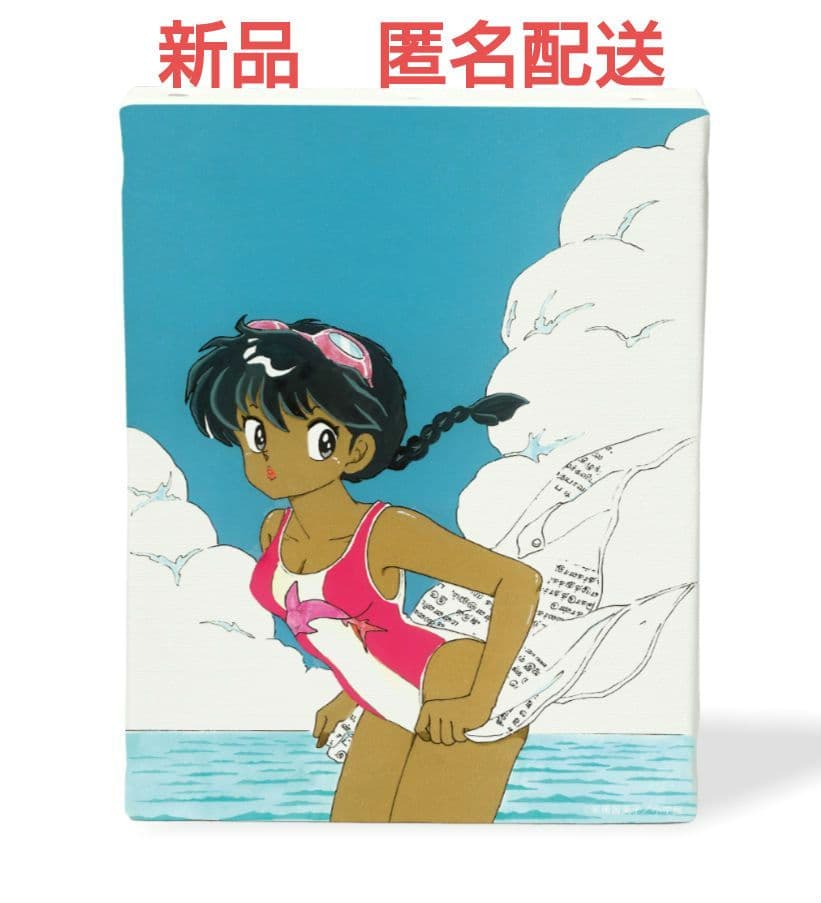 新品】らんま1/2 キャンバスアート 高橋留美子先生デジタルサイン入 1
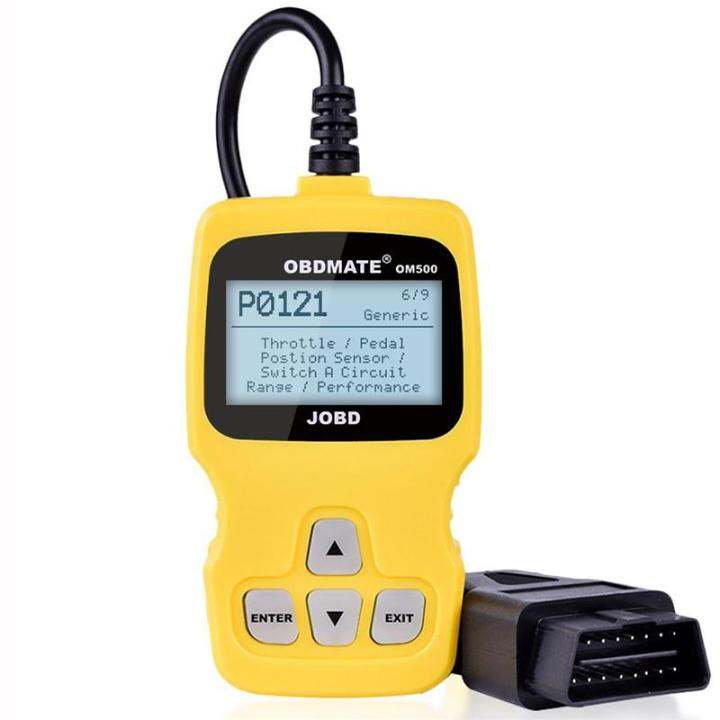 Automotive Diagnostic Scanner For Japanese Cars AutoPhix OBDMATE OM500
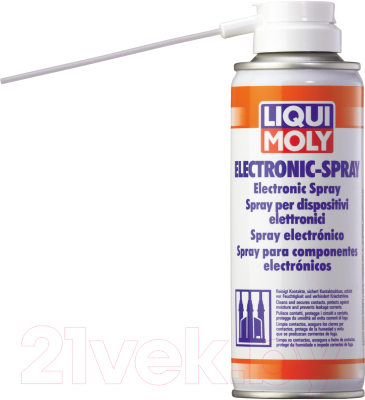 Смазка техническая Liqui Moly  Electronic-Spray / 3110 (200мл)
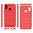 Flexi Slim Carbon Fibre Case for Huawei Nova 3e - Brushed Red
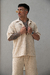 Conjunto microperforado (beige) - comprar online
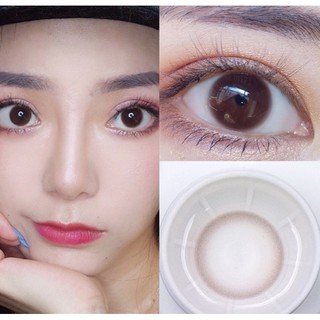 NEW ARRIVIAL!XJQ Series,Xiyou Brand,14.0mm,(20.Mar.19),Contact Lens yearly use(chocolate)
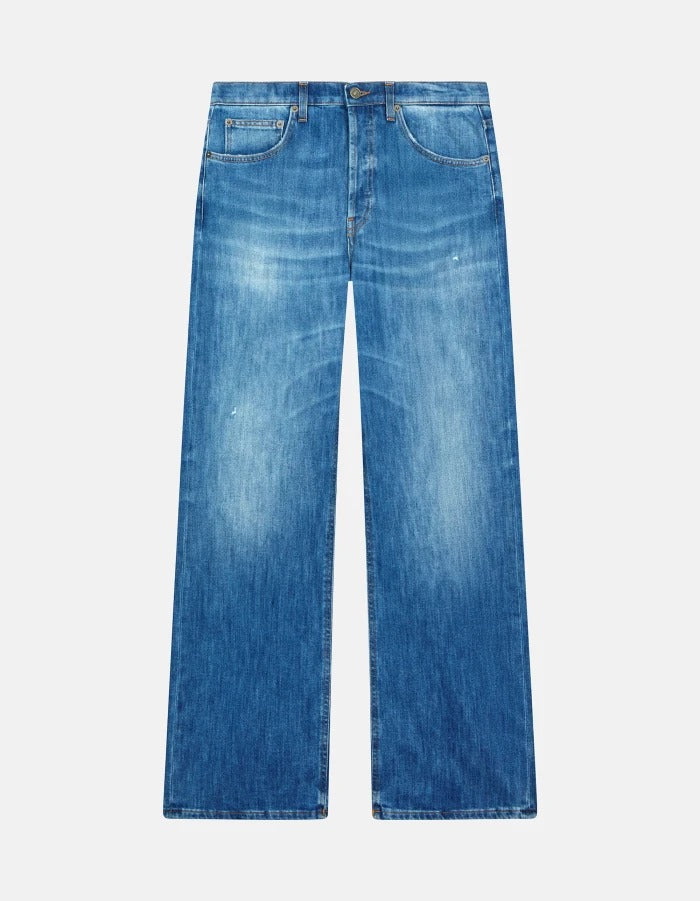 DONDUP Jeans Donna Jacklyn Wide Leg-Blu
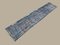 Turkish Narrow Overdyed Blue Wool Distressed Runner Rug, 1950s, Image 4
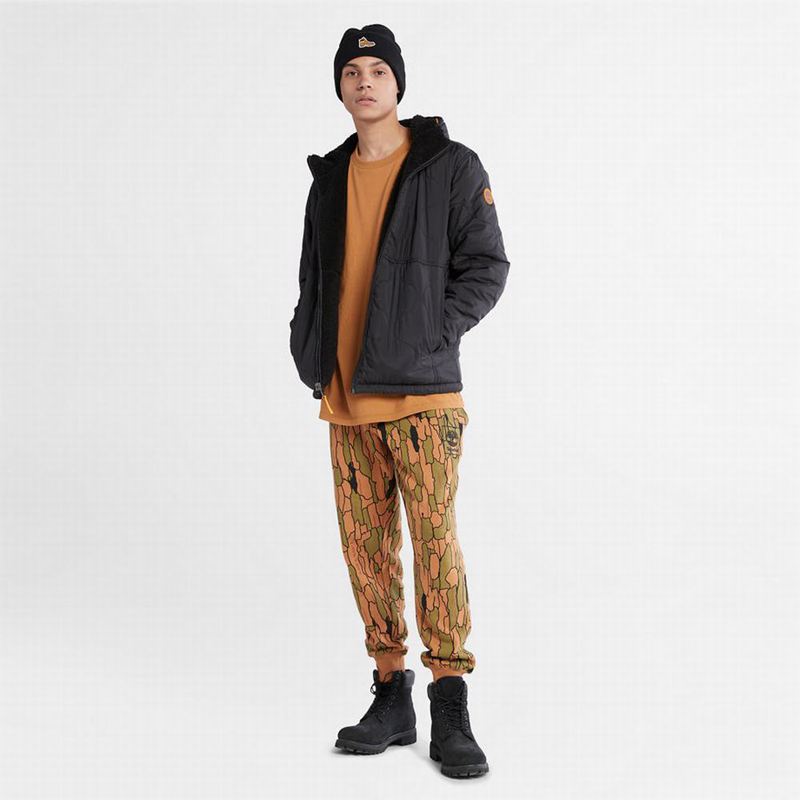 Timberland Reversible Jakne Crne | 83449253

* * *

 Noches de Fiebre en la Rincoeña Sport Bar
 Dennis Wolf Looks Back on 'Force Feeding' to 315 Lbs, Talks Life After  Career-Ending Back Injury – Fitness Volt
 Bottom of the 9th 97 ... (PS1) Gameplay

* _WHAT THE TASK ASKS_
Look above for the line with "新品】らんま1/2 キャンバスアート 高橋留美子先生デジタルサイン入 1" and the line with "Timberland Reversible Jakne Crne | 83449253", then copy exactly the lines from the first through the second, both kept, with no pictures.

* _WRITTEN RESPONSE_
 新品】らんま1/2 キャンバスアート 高橋留美子先生デジタルサイン入 1
 Automotive Diagnostic Scanner For Japanese Cars AutoPhix OBDMATE OM500
 Смазка техническая Liqui Moly  Electronic-Spray / 3110 (200мл)
 Flexi Slim Carbon Fibre Case for Huawei Nova 3e - Brushed Red
 Conjunto microperforado (beige) - comprar online
 NEW ARRIVIAL!XJQ Series,Xiyou Brand,14.0mm,(20.Mar.19),Contact Lens yearly use(chocolate)
 DONDUP Jeans Donna Jacklyn Wide Leg-Blu
 Turkish Narrow Overdyed Blue Wool Distressed Runner Rug, 1950s, Image 4
 Timberland Reversible Jakne Crne | 83449253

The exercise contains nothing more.